Proof-of-Stake, also known as Staking, is the next revolution of blockchain consensus mechanisms. It improves several of the key issues of the currently dominating Proof-of-Work consensus mechanism.
In simple terms, Proof-of-Stake is a new standard (consensus algorithm) for running the decentralized blockchain infrastructure. It is a set of rules according to which the distribution of responsibilities for validating and recording transactions on the blockchain occurs and rewards are allocated.
Different Proof-of-Stake have slightly different set of rules, but in its core they are all about two questions:
• Who receives the right to validate and record transactions?
• What are the rewards for miners (operators) for validating and recording transactions
The right to validate transactions under Proof-of-Stake depends on different criteria. The most important criteria is the amount of the tokens the miner owns (the stake).

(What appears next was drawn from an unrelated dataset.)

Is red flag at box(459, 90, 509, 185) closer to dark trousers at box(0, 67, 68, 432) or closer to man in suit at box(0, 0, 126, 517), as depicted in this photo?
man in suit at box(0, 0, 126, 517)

Proof-of-Work vs Proof-of-Stake
Different from Proof-of-Work, where the right to record transactions goes to those who runs the most powerful machines, under the Proof-of-Stake, the right goes to those with the biggest stake in the blockchain. This means that if a miner holds 5% of all coins, theoretically he can mine up to 5% of all blocks. This is not always the case and depends on the specifics of the protocol (blockchain) but illustrates the general principle.
The biggest coin holders also lock a certain amount of coins in a wallet as a collateral before they are allowed to validate the transactions of the network. During the time their coins are locked as a stake, they cannot sell or convert them. Therefore, they have the incentive to conduct the transaction’s validation in the best way possible so the value of their stake will not depreciate; and they will receive a coin reward for their service similar to miners in Proof-of-Work e.g. working as protectors of the network. The Stakeholders that own a relatively big share of the tokens have the tools to authorise the addition of new blocks once the miners discover them using the computational power of their hardware.

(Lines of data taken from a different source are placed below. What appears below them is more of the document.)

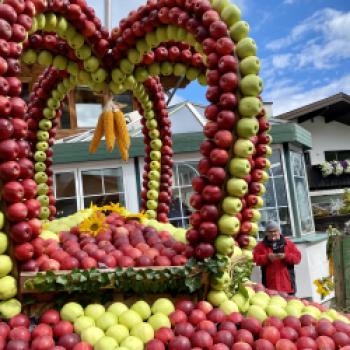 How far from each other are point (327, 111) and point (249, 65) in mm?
14702

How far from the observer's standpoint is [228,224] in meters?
2.10

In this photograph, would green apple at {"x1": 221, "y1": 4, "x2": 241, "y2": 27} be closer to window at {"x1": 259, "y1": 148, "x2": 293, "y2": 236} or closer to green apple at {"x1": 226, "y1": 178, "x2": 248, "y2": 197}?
green apple at {"x1": 226, "y1": 178, "x2": 248, "y2": 197}

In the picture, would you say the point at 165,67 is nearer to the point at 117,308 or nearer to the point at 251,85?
the point at 251,85

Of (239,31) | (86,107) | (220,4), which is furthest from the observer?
(86,107)

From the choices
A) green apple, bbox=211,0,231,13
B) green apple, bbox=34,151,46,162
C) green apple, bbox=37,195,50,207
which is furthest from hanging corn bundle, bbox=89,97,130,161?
green apple, bbox=211,0,231,13

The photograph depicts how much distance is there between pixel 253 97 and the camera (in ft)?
7.02

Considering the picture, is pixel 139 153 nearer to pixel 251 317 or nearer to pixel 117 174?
pixel 117 174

Apart from the size of the stake, there are other criteria that define the rule to validate and record transactions. There are two common methods for this, the Randomized Block Selection method and Coin Age Selection method.

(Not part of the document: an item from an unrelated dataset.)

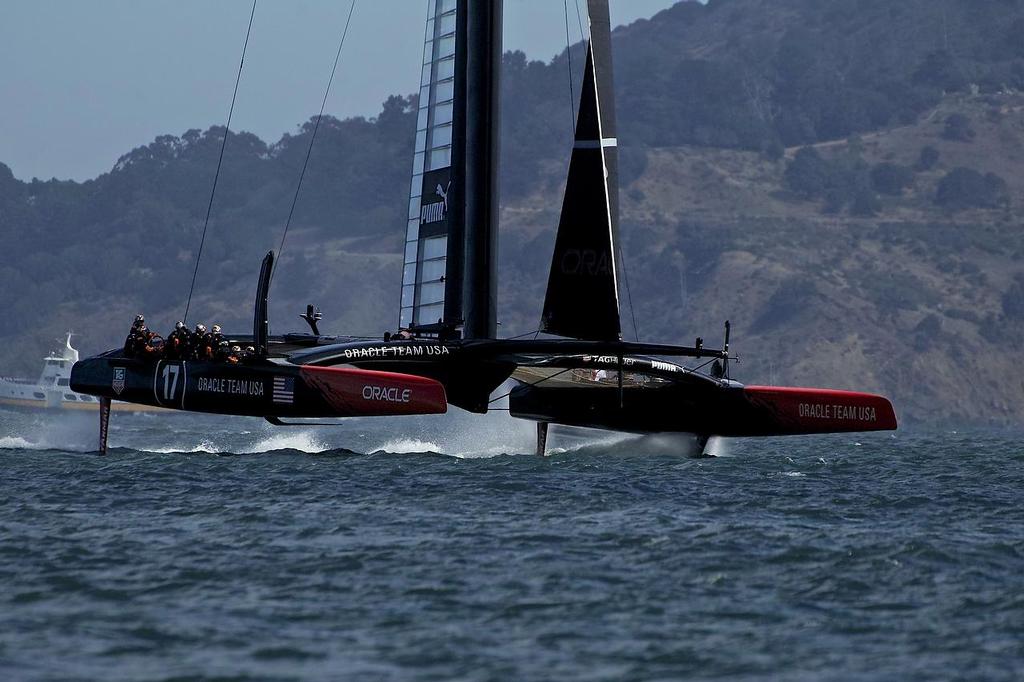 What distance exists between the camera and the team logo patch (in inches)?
819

The first method selects miners by taking the nodes with the highest stake and lowest hash values for consensus creation. Due to the public nature of the blockchain, the next miner can be predicted by the value of his stake.
The second method uses time as a factor for miner selection therefore the name Coin Age. This is done by multiplying the number of coins someone stakes and the time, usually in days, of staking. After being selected as a miner and validating the block. The coin age is set back to zero. This is done to prevent validation by only nodes with a high stake in the network.
This all goes with the low energy consumption for validation of blocks, since no mathematical quiz has to be solved. The stakeholders are motivated to work for the benefit of the protocol they use and earn a passive income for doing so.
Combining Proof-of-Work consensus with staking elements
Next to pure Proof-of-Stake protocols, there are other innovative approaches of combining Proof-of-Work consensus with staking elements. For instance, with Dash utilizes Proof-of -Work consensus where miners validate and sort transactions, write blocks and compete in mathematical quizzes in order to receive mining rewards. On a second layer, services are provided by Masternodes. They are an integral part of the governance and voting system of the Dash protocol and also contribute to the validation of special types of transactions like InstantSend. For these services the Masternodes also receive block rewards. In order to run a Masternode one has to stake 1000 Dash (current market value of 73’000 USD, 08.10.2019).
Staking is taken up by savvy crypto investors and funds. More and more service providers are offering technical staking services for a fee. Recently 6.5 billion USD crypto assets were staked on different blockchain networks.